The reason was not the business model. It was the structure. The investor required a shareholding mechanism to receive equity, a defined exit route, and the ability to issue ESOPs to the founding team and senior employees as part of the investment terms. None of these were available inside the LLP.
The partners had two choices: start a separate company and transfer the business, which would attract capital gains tax, or formally convert the LLP into a Private Limited Company under Section 366 of the Companies Act, 2013. They chose the structured conversion route.
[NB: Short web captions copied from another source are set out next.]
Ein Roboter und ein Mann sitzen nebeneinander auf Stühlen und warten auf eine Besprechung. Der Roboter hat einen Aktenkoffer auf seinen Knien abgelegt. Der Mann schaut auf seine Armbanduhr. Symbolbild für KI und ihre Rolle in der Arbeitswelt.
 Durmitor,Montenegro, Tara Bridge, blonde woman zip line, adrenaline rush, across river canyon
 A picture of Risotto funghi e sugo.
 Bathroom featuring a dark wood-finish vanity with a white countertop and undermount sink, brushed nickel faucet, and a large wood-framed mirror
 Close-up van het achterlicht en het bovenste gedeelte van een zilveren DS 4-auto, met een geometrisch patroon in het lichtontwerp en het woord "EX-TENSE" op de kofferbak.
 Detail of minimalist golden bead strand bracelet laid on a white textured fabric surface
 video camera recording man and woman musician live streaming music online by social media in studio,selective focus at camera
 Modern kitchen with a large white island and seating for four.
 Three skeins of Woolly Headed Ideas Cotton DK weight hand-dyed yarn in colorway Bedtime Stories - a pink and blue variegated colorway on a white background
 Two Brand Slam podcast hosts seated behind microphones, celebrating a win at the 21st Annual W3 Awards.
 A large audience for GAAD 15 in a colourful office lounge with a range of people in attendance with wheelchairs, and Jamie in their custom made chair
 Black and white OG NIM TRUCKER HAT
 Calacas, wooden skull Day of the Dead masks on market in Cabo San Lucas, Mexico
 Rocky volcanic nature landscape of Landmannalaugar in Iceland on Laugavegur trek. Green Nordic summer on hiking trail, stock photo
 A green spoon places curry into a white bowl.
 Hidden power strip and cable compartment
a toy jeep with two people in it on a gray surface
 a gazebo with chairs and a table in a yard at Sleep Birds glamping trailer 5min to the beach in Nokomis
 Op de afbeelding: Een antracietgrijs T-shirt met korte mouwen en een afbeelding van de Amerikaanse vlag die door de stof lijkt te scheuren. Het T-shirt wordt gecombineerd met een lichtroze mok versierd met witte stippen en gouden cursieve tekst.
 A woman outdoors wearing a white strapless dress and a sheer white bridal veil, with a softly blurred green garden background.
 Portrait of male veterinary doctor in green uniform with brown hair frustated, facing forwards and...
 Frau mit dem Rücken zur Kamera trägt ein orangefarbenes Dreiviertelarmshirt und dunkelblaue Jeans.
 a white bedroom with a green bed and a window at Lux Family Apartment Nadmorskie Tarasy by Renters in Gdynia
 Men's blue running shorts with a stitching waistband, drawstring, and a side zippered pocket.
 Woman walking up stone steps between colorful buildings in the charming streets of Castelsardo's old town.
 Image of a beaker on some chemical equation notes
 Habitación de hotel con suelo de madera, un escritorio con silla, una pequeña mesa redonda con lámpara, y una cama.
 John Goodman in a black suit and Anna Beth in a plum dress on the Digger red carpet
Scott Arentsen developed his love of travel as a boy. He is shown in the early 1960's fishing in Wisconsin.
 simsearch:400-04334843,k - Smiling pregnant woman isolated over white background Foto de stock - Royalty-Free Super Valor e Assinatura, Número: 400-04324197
How to convert LLP to Private Limited Company in India is a critical step for businesses planning to raise funding, issue ESOPs, or move to a more structured corporate setup in 2026. This is why many founders actively research how to convert LLP to Private Limited Company in India before planning their next growth phase.
This guide explains the full LLP to Private Limited Company conversion process in 2026: the legal framework, how this conversion differs from other entity conversions, the step-by-step procedure, documents required, tax implications, costs, and all post-conversion compliances.

Why Businesses Convert an LLP to a Private Limited Company
The LLP structure is well-suited for bootstrapped professional service businesses with low compliance preferences. As a business scales and encounters new opportunities, the structural limitations of an LLP become strategic constraints.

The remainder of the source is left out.